I don’t know where to start writing today. There’s just so much out there right now, my mind and inbox overflows. And one thing I don’t
want to do is add more fuel to the fire or try to wash it all away. It’s maddening and overwhelming and sad.
I’m aware. I’m not sticking my head in the sand. I’m just trying to find my own balance. And the only thing that balances it all out for me right now is beauty and art. So I take my walks around the lake and listen to the geese. Watch the ducks swim past me. And, if I’m lucky snatch a glimpse of a heron.
At home, I crochet because the movement of my fingers in and around yarn soothes my soul. Right now, I’m crocheting red ‘resistance’ hats. Learning to make a tassel was a new process but I did figure it out, finally. The next hat will be better.

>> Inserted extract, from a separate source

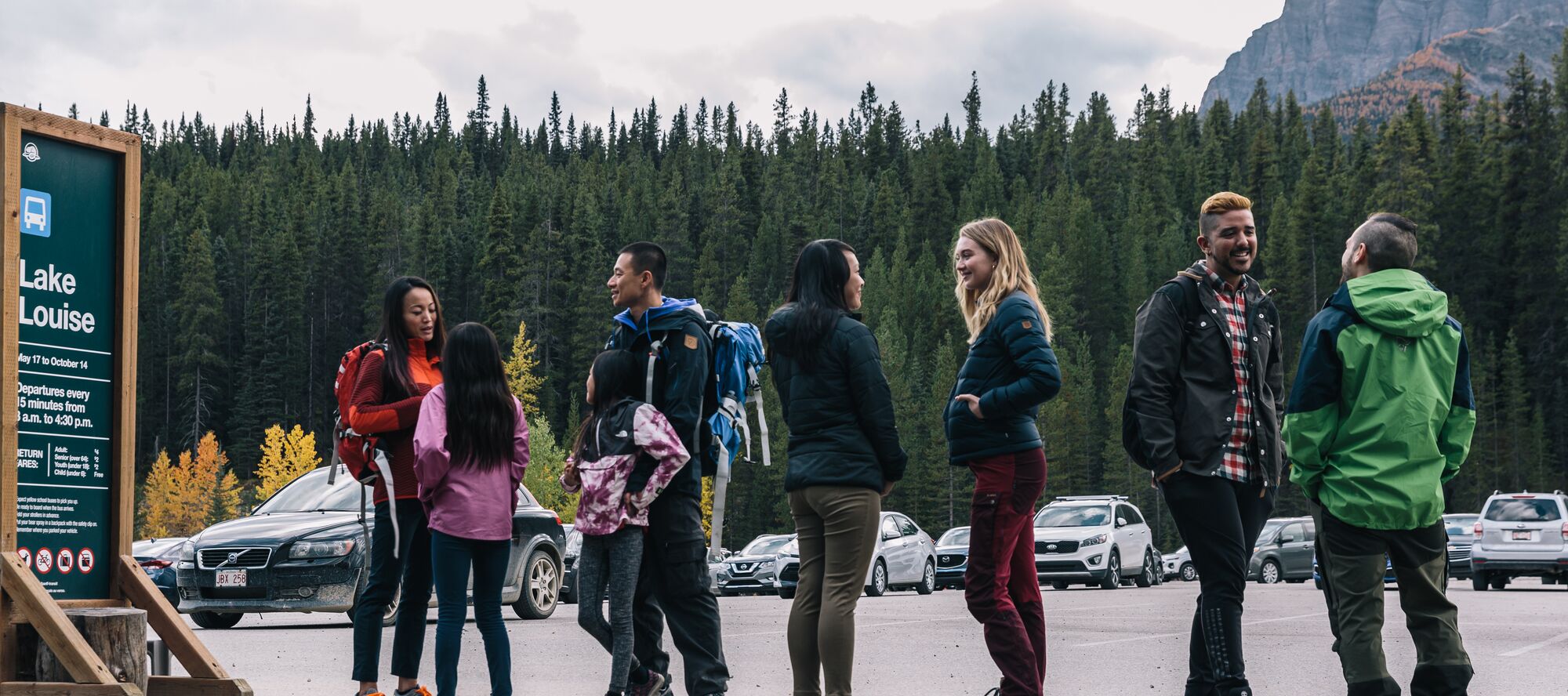 The passengers are waiting for a shuttle to come going to Lake Louise.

And I doodle and paint and play with clay. This week, when it all got too much, I took out my black pen and let it swirl up, down and around. Then I got out my watercolor pencils and colored the sections in like a coloring book. Another day, I brushed water into each section. Another day, I went over my black lines with more black. It’s nothing. It’s just a doodle. But it gave my mind and soul a safe place to meander for a while.
Another day, I took out some clay pieces that needed the next step: color. I made these pieces in the last 6 months or so with no agenda in mind. I’ve never made anything like this before. They’re not functional clay pieces. They have no fancy titles or artsy ideas. Maybe I could call them clay doodles? I don’t know. What I do know is they needed color but I wasn’t sure which colors. Again, I had no plan. I just got out my colored underglazes and started painting.
They will need a clear glaze and firing to be finished. But that’s ok, I think the slow process isn’t just important to the clay. It’s important for me, for my mind and my body and my soul. To quiet. To rest. To see from the inside out for a change.